Mohamed Beltagy: Egypt's Human Bellwether
|Friday, January 20,2012 09:54|
|By ROBERT F. WORTH|
On a recent winter evening, a gray Mitsubishi sedan made its way slowly down the narrow main street of Qalyubiya, a farming town in the Nile River delta, hemmed in on all sides by shouting fruit vendors, bumping donkey carts, strings of colored lights and tiny bakeries and butcher shops. Election posters were plastered to every available surface, and a voice squawked loudly over a distant, tinny loudspeaker: “God willing, we will all soon live in an era of social justice. The revolution taught us that we are all equal.” As the sedan reached a crowded election rally outside a mosque, the back door opened and out stepped a striking man with deep-set eyes and a broad forehead. “He is here!” someone shouted. “The hero of the revolution!” Almost instantly, a murmur rippled through the crowd, and the man was surrounded by adoring fans. A pair of burly aides grabbed his arms and bustled him through. “God is great!” the crowd chanted as he smiled and waved, making his way toward a brightly lighted stage. “Freedom and Justice! Tomorrow we will be strong!”

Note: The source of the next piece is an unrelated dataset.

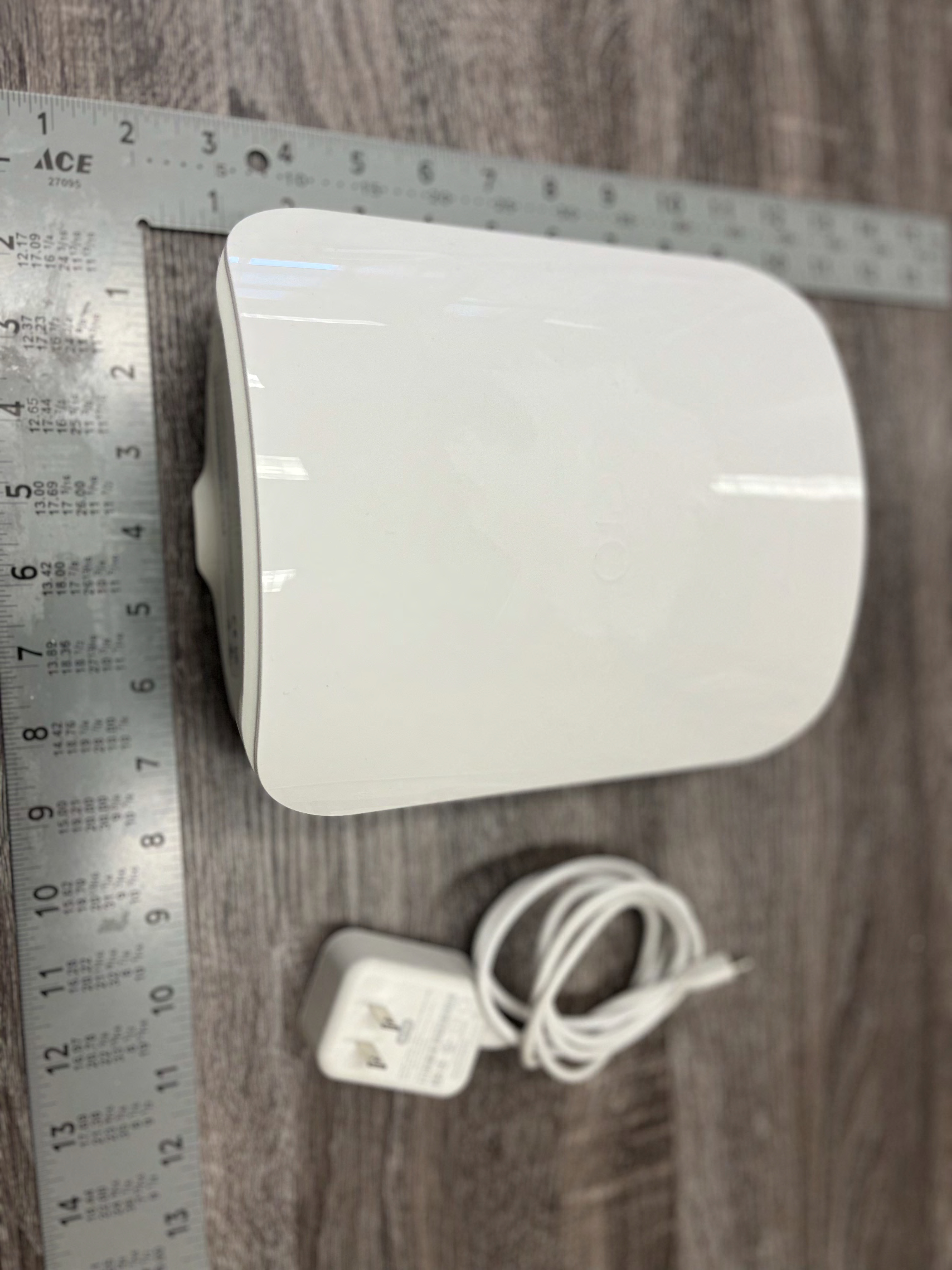 eero Max 7 external FCC photo from External Photos (6829649) p. 2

The man of the hour was Mohamed Beltagy, one of the central protagonists of the Egyptian Revolution and perhaps the country’s most versatile and dynamic politician. He is a senior leader in the Muslim Brotherhood who, unlike his peers, is also beloved by many liberals for his fierce support of the protests in Tahrir Square. But in a country divided ever more sharply between Islamists and secularists, his ability to straddle both worlds has only grown more precarious. He has been attacked by hard-line protesters for his association with the Brotherhood and dressed down within the Brotherhood for his willingness to side so vocally with the revolutionaries. Even his appearance sets him apart: at 49, Beltagy looks sleek and youthful next to the Brotherhood’s bearded, pot-bellied, somnolent top men. He wears dark suits and natty ties, like a flashy Cairene lawyer, but he also has a prominent zabiba, or prayer callous, in the middle of his forehead, the ritual badge of piety in Egypt.
“Why did the police and army attack the protesters so brutally on Sunday?” he asked the thousands assembled in Qalyubiya, referring to recent military crackdowns in Tahrir Square. “They did it to create a crisis. The military could have stopped this massacre, but they did not.” As the crowd began chanting its approval, Beltagy went on, making demands that went well beyond anything the Brotherhood had called for up to that point. “We must hold presidential elections immediately,” he shouted, “so that the military can go back to its barracks. We want a real president, a real parliament, with the power to monitor every security institution, including the military council. We refuse all guardianship!” The crowd rose, giving him a standing ovation long before he was finished. Days after that speech, the Brotherhood’s party, Freedom and Justice, swept the elections for Egypt’s Parliament, where they now appear to control about half of all seats. It was the latest in a string of victories by newly unleashed Islamist parties across North Africa. Beltagy, the movement’s most liberal and charismatic leader, is a natural diplomat and seems poised to play a major role in the next phase of Egypt’s chaotic struggle toward democracy.
First, however, he must survive within the Brotherhood itself. The group has waited more than 80 years for this moment; its aging leaders are famously cautious and pragmatic, and therefore profoundly uneasy with Beltagy’s confrontational stand toward the military council. The Brotherhood’s secretive and hierarchical structure is notoriously opaque to outsiders, but several members and analysts of the movement told me they believed that Beltagy would soon be pushed to the side. The leadership, they say, will not tolerate his outspokenness and risk a military crackdown, no matter how popular that stance is with the younger generation and on the Egyptian street.
In other words, Beltagy has come to personify the Muslim Brotherhood’s identity crisis as it moves, after decades underground, to become the dominant political group in Egypt. Will it rein him in or cast him aside in order to pursue a narrow Islamist agenda? Can it even afford to strike down such a popular figure, now that it is competing for the first time in an open, democratic forum? Khalil Anani, one of the keenest analysts of Egyptian Islamic movements, told me that the Brotherhood is likely to face a critical choice in the coming months. “There is a delayed confrontation between the Brotherhood and the military,” he said, “and when it happens, much will depend on how well they cooperate with liberal and secular forces.” Beltagy is essential to securing such cooperation, but the Brotherhood could also choose to cut out the liberals and make a deal with the military, Anani said, accepting the military’s continued dominance in exchange for concessions on religious issues. This possibility, sometimes called the Saudi scenario, is what gives liberals nightmares: the prospect of an Egypt ruled by military men and mullahs.